Dubbelklik op een woord om de vertaling te zien!

Kot 1


Kot 2

  1. Universiteiten, hogescholen en ook centra die jongerenopleidingen organiseren, hebben vaak gedetailleerde lijsten met beschrijvingen van kamers, prijzen, eigenaars,... Hier kan u ook terecht voor een type-huurcontract, dat vaak door de eigenaars wordt aanvaard, zodat je valkuilen kan vermijden.
  2. Als de eigenaar je een contract biedt, dan raden we je aan om het contract zeer grondig te lezen, met bijzondere aandacht voor het huishoudelijk reglement.
  3. Sommige eigenaars nemen in het contract immers zeer strenge eisen op (bezoek, orde, aanwezigheid in het weekend, enz.) die een jaar lang nageleefd moeten worden...
  4. Sta ook even stil bij de duur van het contract (10 of 12 maanden ) en vraag naar wat er bij een eventueel tweede zit gebeurt. De huurwaarborg moet op een geblokkeerde rekening worden geplaatst, met de handtekening van beide partijen.

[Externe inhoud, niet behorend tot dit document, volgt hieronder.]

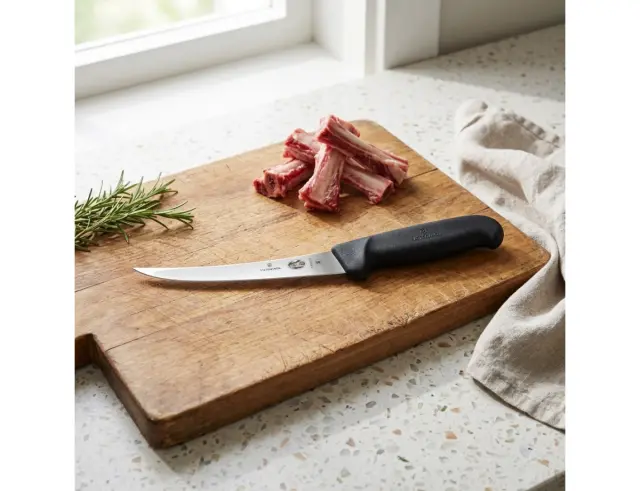 Μαχαίρι Ξεκοκαλίσματος Victorinox Fibrox με μήκος λεπίδας 15cm - Black5.6603.15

  5. Stel een zo volledig mogelijke plaatsbeschrijving op.
  6. Beperk je niet tot 2 of 3 bezoeken, maar probeer een duidelijk beeld te krijgen van de prijs-kwaliteitverhouding.

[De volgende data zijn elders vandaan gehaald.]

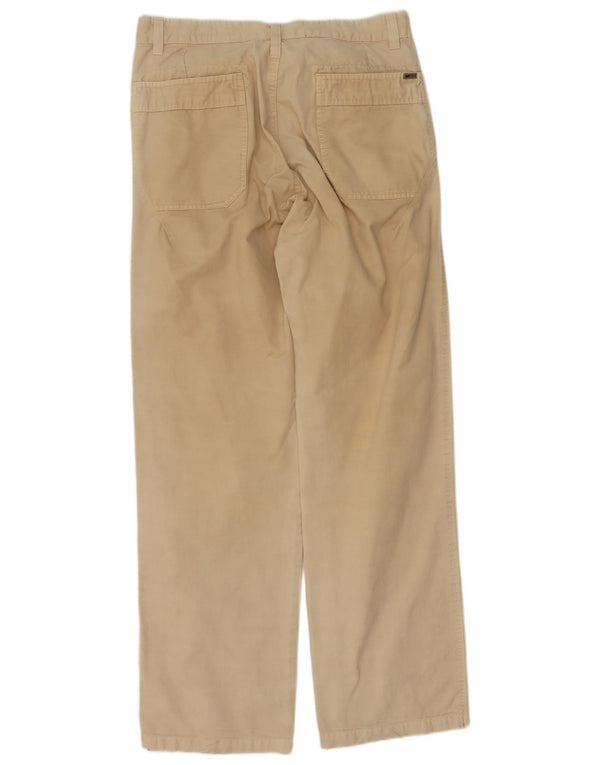 Pantaloni casual dritti da uomo Gas W36 L34 in cotone beige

  7. Sommige eigenaars met weinig scrupules brengen nog kamers op de markt die bijna ongezond zijn. Let vooral op de ouderdom van het gebouw, de elektrische installatie, de verwarming, geluidsisolatie, daglicht enz. Ga eventueel bij een vroegere huurder inlichtingen vragen.
  8. Houd ook rekening met de omgeving en verzamel een maximum aan informatie over de afstand tot de campus, ontspanningsmogelijkheden, openbaar vervoer, ...

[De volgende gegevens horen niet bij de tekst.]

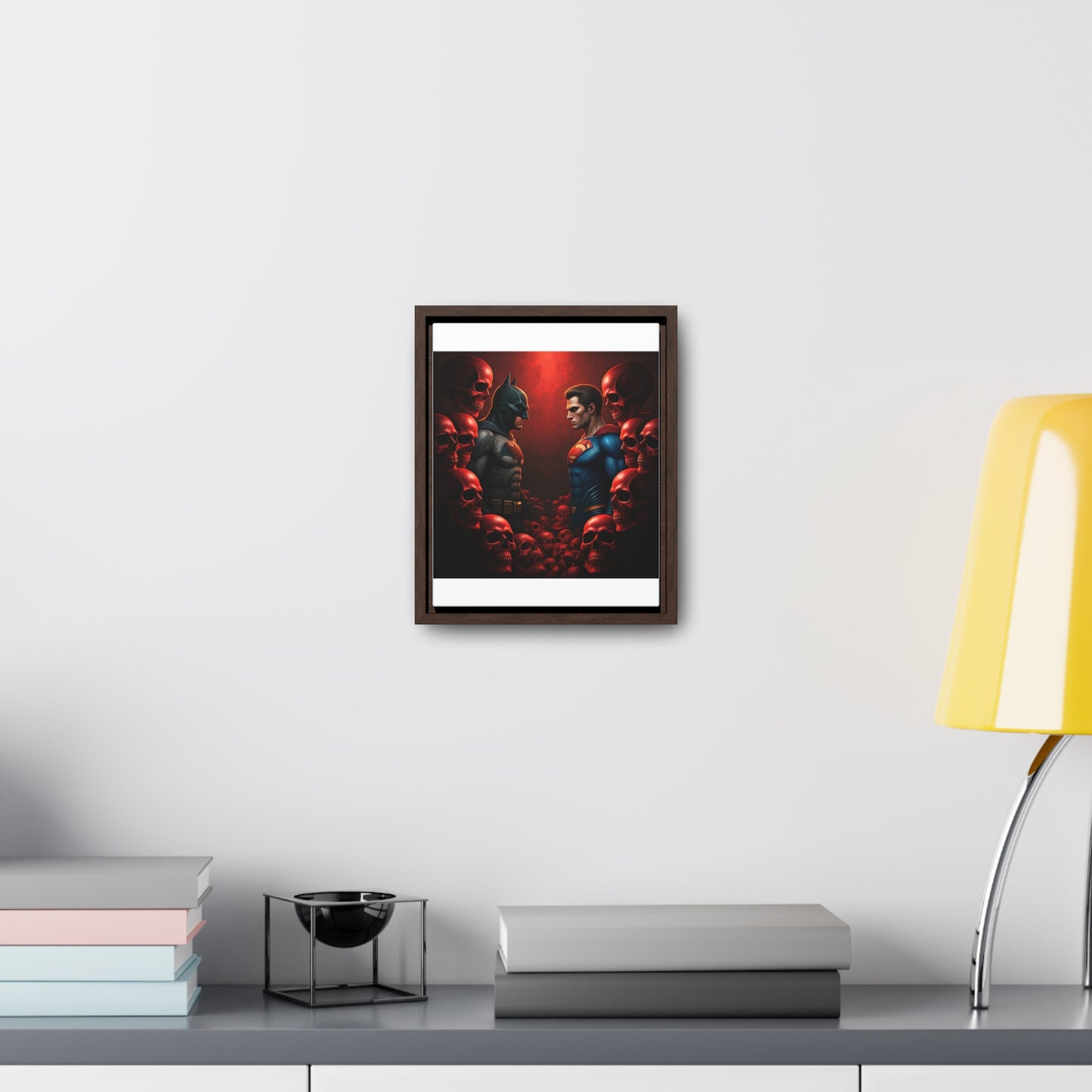 batman vs superman Gallery Canvas Wraps, Vertical Frame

  9. De huurwet is over het algemeen niet van toepassing op huurcontracten voor studenten. Er zijn echter uitzonderingen op deze regel. De huurwet is wel van toepassing als de student(e) geen andere hoofdverblijfplaats meer heeft. Dit doet zich voor als de ouders overleden zijn of permanent in het buitenland verblijven en hun huis in België verkochten.
  10. Daarnaast is het mogelijk dat de hoofdverblijfplaats nog bestaat, maar dat de student(e) er nooit meer komt. De student(e) moet dan bewijzen dat hij op zijn studentenkamer woont en kan dit doen aan de hand van bijvoorbeeld telefoon- en elektriciteitsrekeningen, waaruit blijkt dat het verbruik tijdens weekends en vakanties even hoog is. Deze situatie is echter zeer zeldzaam en wordt slechts uitzonderlijk door de rechter aanvaard.